I’ll open by saying I really liked this book. It’s short, pretty easy to read, and makes points clearly. And it’s about a truly interesting and courageous character, who I’m also fond of. I don’t want to hog the club, so lets see who else read the book, and what they have to say.
Here’s a review of the book (I edited out 95%) that was in the NYTimes:
The Radical
Review by JON MEACHAM
Published: March 12, 2006
In his fascinating new book, “What Jesus Meant,” Garry Wills says:
“To read the Gospels in the spirit with which they were written, it is
not enough to ask what Jesus did or said,” Wills writes. “We must ask
what Jesus meant by his strange words and deeds.”
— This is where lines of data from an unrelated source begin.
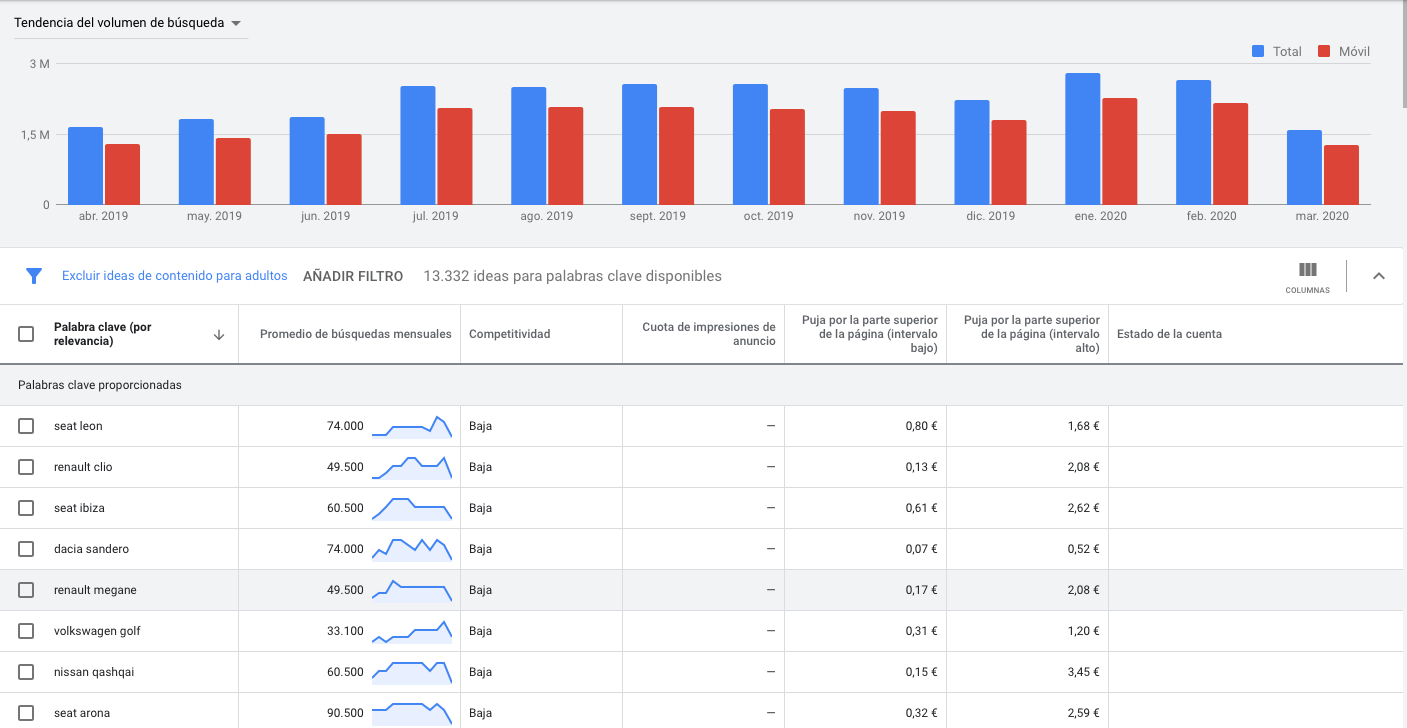 Evolution of searches related to car models after the declaration of the state of alarm. Source_ Google Keyword Planner.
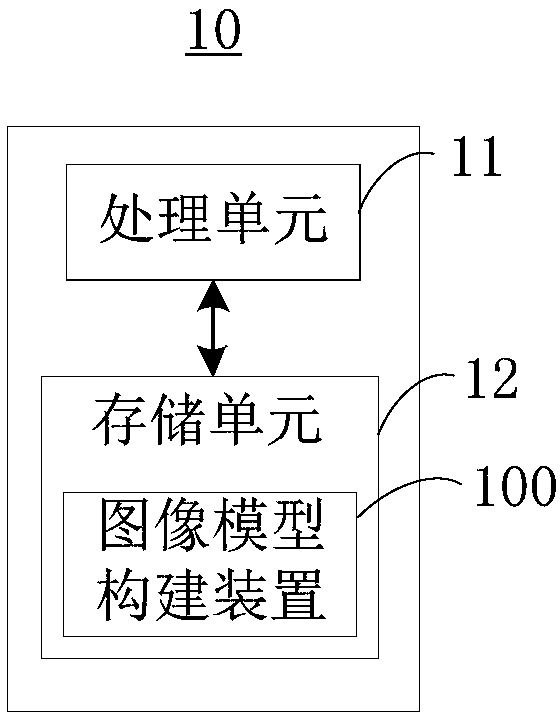 Image model construction method, image model construction device and electronic equipment
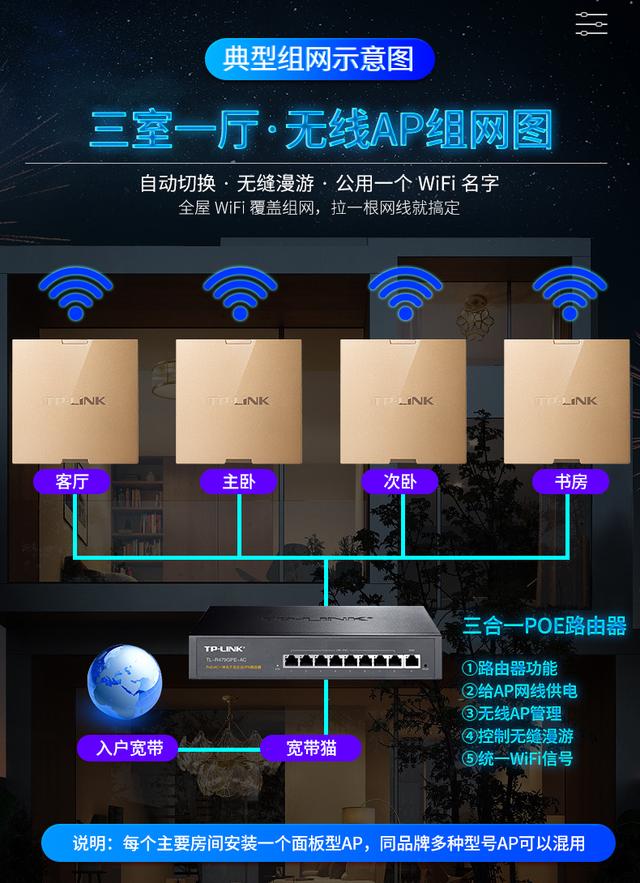 台式电脑wifi开关在哪，电脑的wifi开关在哪里（网传4套全屋wifi无死角组网方案）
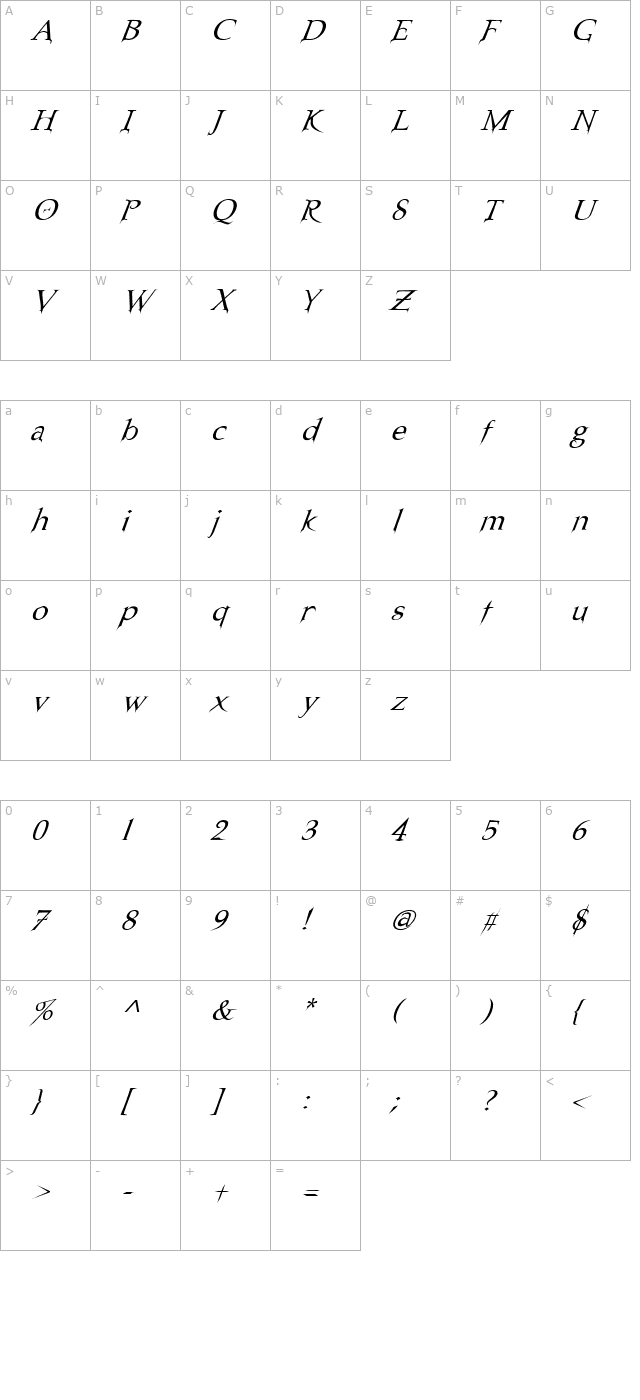 Nosferatu Oblique character map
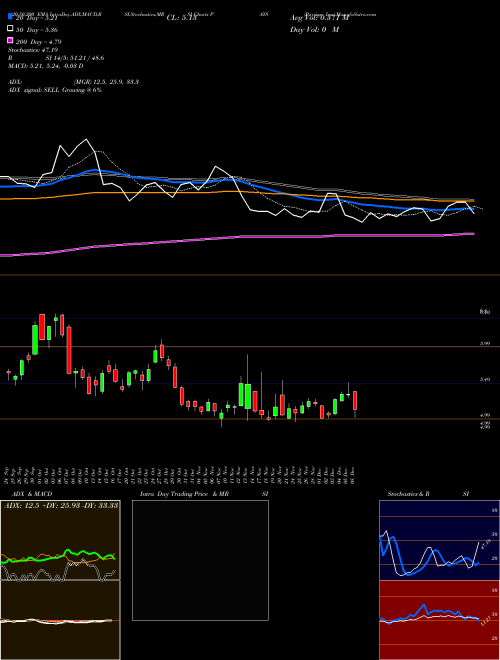 Paysign Inc PAYS Support Resistance charts Paysign Inc PAYS NASDAQ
Wills says. “The only Jesus we have is the Jesus of faith. If you
reject the faith, there is no reason to trust anything the Gospels say.”
At the same time, if you accept the faith, there is no reason to trust
everything the Gospels say, either.
Jesus, Wills thinks, “intended to reveal the Father to us, and to show
that he is the only-begotten Son of that Father. What he signified is
always more challenging than we expect, more outrageous, more
egregious.” [They say the same thing about BTM ]
Wills convincingly shows that Jesus was a radical whose essential
message to love one another totally and unconditionally is fundamentally
at odds with the impulses of those living in a fallen world. Jesus left
sundry examples of how one should live not for power but for the poor,
not for fame but for forgiveness.
Jesus’ earliest followers believed in their Lord’s physical
resurrection. If the tomb had not been empty, the authorities could have
shut down the early Christians rather easily by dragging out Jesus’
bones; they had, after all, gone to all the trouble to execute him, and
the only plausible explanation for the disciples’ transformation from
scattered and scared to fierce preachers and martyrs is that they came
to believe Jesus had in fact risen from the dead and began, at last, to
understand what he had been saying to them all along. So what is the ultimate meaning of Jesus? The question will be with us
always, even to the end of the age. But we do know this: One cannot read
his story without seeing that there is no life without love.